Le carnet 33 de Paul Vidal de la Blache permet de voir comment, depuis sa propriété de Rusquerolles, près de Castres, Vidal suit dans la presse quotidienne l’entrée en guerre et les premiers revers des armées françaises. Il prend avec circonspection puis soulagement les communiqués relatant la bataille sur la Marne. On peut penser que ces événements cruciaux animent les pays qu’il a lui-même traversés et décrits, paisibles, dans son Tableau.
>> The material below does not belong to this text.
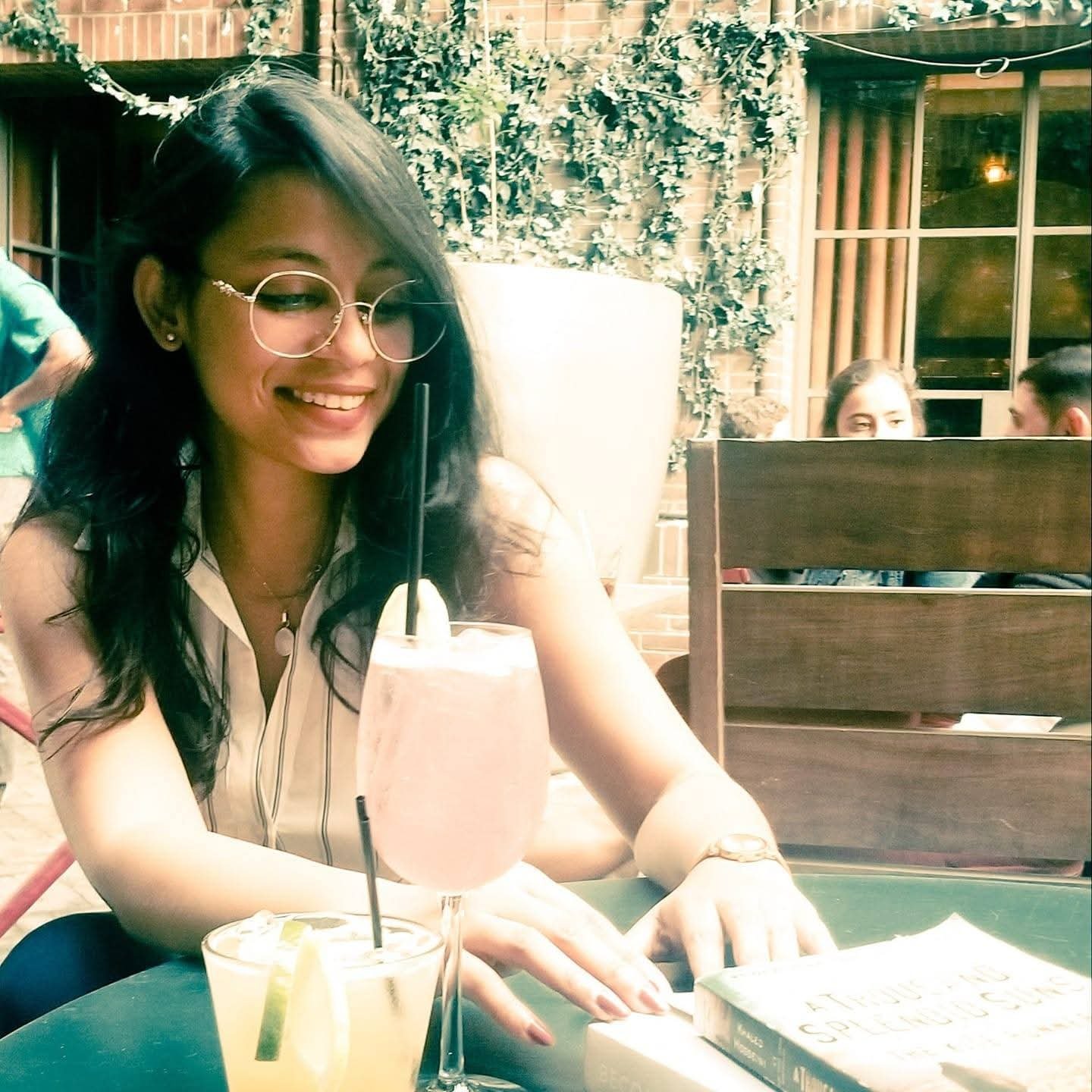 Ms. Amrita Ghosh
La géographie lui sert à prendre la mesure du conflit, de ses enjeux territoriaux à travers les lieux et leurs noms.
Mais il est aussi le père d’un officier, son fils Joseph, qui tombera en Argonne en janvier 1915. La guerre est pour lui une épreuve familiale, patriotique. L’Allemagne, dont la culture lui a été proche, se révèle comme un ennemi implacable. Il accepte de s’engager dans des études d’expertise que le gouvernement lui demande pour préparer des négociations futures aussi bien que de consacrer un livre à la France de l’Est, en concluant sur les conséquences mondiales, impériales et nationales ouvertes par le conflit.

Paul Vidal de la Blache meurt brutalement en avril 1918 sans avoir connu le retour de la paix.